With the right tactics, small businesses can successfully compete against large companies for top talent.
In some cases, a small business may even have more to offer a prospective employee than its mammoth counterpart. The key is knowing how to present your strengths to job candidates.
Debby Millhouse, president of CEO Inc., a Charlotte-based company that provides full staffing services, offers this advice for small business owners who want to recruit outstanding employees:
• Realize it’s not all about the money. People don’t join a company just because of the salary, Millhouse said. Often they are interested in many facets of the job and the company.
“People leave jobs because of management and people take jobs because of management,” she said. “They either fall in love and stay because of the people and the culture, or they grow to hate something and leave because of the people and the culture.”
• Realize it is a little bit about the money.
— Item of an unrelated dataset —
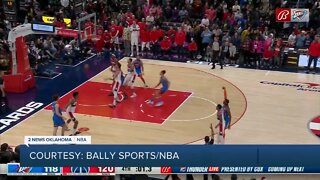 OKC beats Wizards on SGA game-winner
You can’t pay a substandard price for a top employee, and companies that say they don’t have the money for it may want to look again at their budget.
Hiring someone with little experience for a job that requires a lot of experience could backfire, and investing in a qualified, proven employee will pay off, Millhouse said.
• Use your company’s size as a selling point. At a small business, employees are not anonymous worker bees.
“If something happens in the marketplace, I am in the trenches with them,” Millhouse said. “If I have to close this company, it is dramatically going to affect my life. If you are not successful, I’m in it with you.”
Because small companies often know their employees well, they also can offer flexibility tailored to each employee’s situation.
• Play up how prospective employees will become part your company’s values. Don’t assume job candidates will research your company. Provide them with your values and mission statement.
CEO Inc. believes in giving to the community, and employees have donated thousands of dollars to its giving fund. The company prioritizes its employees: Millhouse notes that during a snowstorm in Charlotte, her husband made sure employees had rides to work and offered to help clear fallen trees from their yards.
“Our people matter to us,” she said. “Some people want a place where somebody knows their name, gives them a chance to grow and thrive, gives them a fair wage and creates a fun environment.”
• Boast your benefits. Salary isn’t the only tangible compensation prospective employees are looking for. Millhouse said that one of her employees, who formerly worked at a big bank, told her he took a pay cut to work at CEO Inc. because he liked the smaller company’s better benefits package.
“You can offer some benefits that are compelling,” Millhouse said. At CEO Inc., employees have access to a pick-up/drop-off dry-cleaning service. The company is also about to roll out a trip incentives program for employees who achieve a certain level.
“We’re not Bank of America,” she said. “Look for things that you think really sell your organization, and then sell that organization. People will come.”